La noción de suspenso se arma gracias a las preguntas que va sembrando, regando y renovando el hilo del relato, a medida que avanza. Lo aparentemente azaroso es, a veces, deliberado. Las cosas están ahí puestas porque cuentan, aunque uno llegue a la verdad de la historia intuitivamente, aunque no siga ningún manual que dictamine que al minuto quince tendremos que propulsar un acontecimiento que cambia el rumbo de la acción y que dispara un giro en el personaje, o que al final todos deben haber aprendido una lección. Ahora bien, la información no debería ser un manifiesto que un personaje declama frente a la cámara, para explicarle a un espectador completamente pasivo de qué se trata la historia (y a veces, algo igualmente espantoso, cuál es el mensaje moral que debemos interpretar de lo que estamos viendo). Howard Hawks citaba a Hemingway: “Hemingway lo llama lenguaje oblicuo. Yo lo llamo tres bandas, porque golpea primero aquí, luego allí, y luego más allá, hasta dar con el significado. Las cosas no se dicen por las buenas.”

Imaginemos que somos los dichosos guionistas de El Graduado (fue una dupla: Calder Willingham y Buck Henry). Observemos al joven Ben, a punto de tirarse a la piscina con su nueva escafandra, mientras los padres y los amigos de los padres lo aplauden y festejan, y todo es un escarnio.

EXTERIOR, Jardín de los BRADDOCK, DÍA

 

Etcétera. El modo en que escribimos una escena (las acciones, las alianzas múltiples entre imágenes y sonidos) orienta la mirada del director sobre ese dispositivo que estamos creando, el cosmos de la historia. Si hablamos, por ejemplo, del snorkel de Ben, y de su mirada de pánico tras la máscara, probablemente estemos sugiriendo un primer plano para contar el instante. Si aclaramos que el sonido circundante se apaga totalmente y que sólo oiremos la respiración pesada de Ben, estaremos interviniendo directamente en el segundo y el tercer alumbramiento de la película. Claro que si no vamos a ser los directores de esto que hemos escrito luego el director puede decidir que la idea era muy bonita en el guión, pero que en los hechos no funciona, y uno deberá saber que esas son las reglas del juego. Faltan dos alumbramientos todavía. Habrá que ser paciente, y confiar.

 

 



[1] Inés Bortagaray (Salto, 1975) escribió diversos guiones para televisión y cine.

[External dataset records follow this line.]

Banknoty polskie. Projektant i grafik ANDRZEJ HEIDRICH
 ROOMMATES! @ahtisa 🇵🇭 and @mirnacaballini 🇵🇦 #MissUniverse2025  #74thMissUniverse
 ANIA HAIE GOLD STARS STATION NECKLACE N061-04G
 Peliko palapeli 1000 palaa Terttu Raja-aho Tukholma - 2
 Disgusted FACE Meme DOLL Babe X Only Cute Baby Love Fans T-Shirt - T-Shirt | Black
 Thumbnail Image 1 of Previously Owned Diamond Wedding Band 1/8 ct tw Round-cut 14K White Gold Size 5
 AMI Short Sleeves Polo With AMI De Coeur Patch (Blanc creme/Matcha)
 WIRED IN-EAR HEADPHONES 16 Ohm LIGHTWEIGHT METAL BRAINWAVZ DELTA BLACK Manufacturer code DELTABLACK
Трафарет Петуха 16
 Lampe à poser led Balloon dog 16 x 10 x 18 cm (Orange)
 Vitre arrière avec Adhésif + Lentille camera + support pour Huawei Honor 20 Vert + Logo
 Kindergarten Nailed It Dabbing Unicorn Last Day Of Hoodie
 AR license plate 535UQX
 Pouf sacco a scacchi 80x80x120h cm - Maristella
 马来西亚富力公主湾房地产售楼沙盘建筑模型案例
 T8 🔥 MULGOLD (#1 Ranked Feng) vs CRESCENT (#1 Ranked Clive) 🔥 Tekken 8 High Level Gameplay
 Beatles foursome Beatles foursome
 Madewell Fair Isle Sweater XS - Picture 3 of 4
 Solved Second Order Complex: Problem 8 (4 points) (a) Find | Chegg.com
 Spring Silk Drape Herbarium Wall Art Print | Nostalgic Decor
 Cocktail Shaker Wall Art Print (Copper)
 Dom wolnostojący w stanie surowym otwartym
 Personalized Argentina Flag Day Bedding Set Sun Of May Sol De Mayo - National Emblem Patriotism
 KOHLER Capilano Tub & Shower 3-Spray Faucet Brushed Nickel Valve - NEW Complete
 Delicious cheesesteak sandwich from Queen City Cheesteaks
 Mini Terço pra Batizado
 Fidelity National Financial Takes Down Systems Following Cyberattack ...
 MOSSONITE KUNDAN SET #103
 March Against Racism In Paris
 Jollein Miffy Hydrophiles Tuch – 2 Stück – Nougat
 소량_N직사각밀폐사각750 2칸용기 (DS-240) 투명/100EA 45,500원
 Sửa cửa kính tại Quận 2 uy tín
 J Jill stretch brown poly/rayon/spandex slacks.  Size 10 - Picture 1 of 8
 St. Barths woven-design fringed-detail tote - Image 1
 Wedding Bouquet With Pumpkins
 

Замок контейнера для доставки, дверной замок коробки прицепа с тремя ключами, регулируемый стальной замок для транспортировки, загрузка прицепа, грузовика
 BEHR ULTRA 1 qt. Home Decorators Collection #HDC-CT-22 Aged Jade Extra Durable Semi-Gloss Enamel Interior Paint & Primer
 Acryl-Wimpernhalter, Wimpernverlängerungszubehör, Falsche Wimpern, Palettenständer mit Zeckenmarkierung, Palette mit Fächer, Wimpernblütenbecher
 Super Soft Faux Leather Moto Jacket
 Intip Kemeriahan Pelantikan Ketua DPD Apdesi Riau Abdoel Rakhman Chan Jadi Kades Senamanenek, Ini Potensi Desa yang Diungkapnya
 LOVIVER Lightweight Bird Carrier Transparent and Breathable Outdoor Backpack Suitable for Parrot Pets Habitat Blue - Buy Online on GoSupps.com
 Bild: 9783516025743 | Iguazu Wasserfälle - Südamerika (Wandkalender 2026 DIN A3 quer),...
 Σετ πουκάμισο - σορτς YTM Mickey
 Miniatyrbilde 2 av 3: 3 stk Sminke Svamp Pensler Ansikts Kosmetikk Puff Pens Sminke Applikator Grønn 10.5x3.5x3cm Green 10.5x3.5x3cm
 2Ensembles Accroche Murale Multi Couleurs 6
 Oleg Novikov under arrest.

Entre otros, escribió El fin del mundo, junto a Adrián Biniez; Una novia errante, junto a la directora, Ana Katz; La vida útil, junto al director, Federico Veiroj, y Gonzalo Delgado y Arauco Hernández. Publicó sus libros de ficción Ahora tendré que matarte y  Prontos, listos, ya. Integró los volúmenes Pequeñas resistencias 3, Esto no es una antología, y la compilación electrónica El futuro no es nuestro. Un cuento suyo apareció en la revista Zoetrope All-Story.

 

[2] Endaha: triángulo simbólico y foco místico que enuncia furiosamente Scott, el hombre que le enseña a manejar a Poppy, la feliz protagonista de La felicidad trae suerte, de Mike Leigh.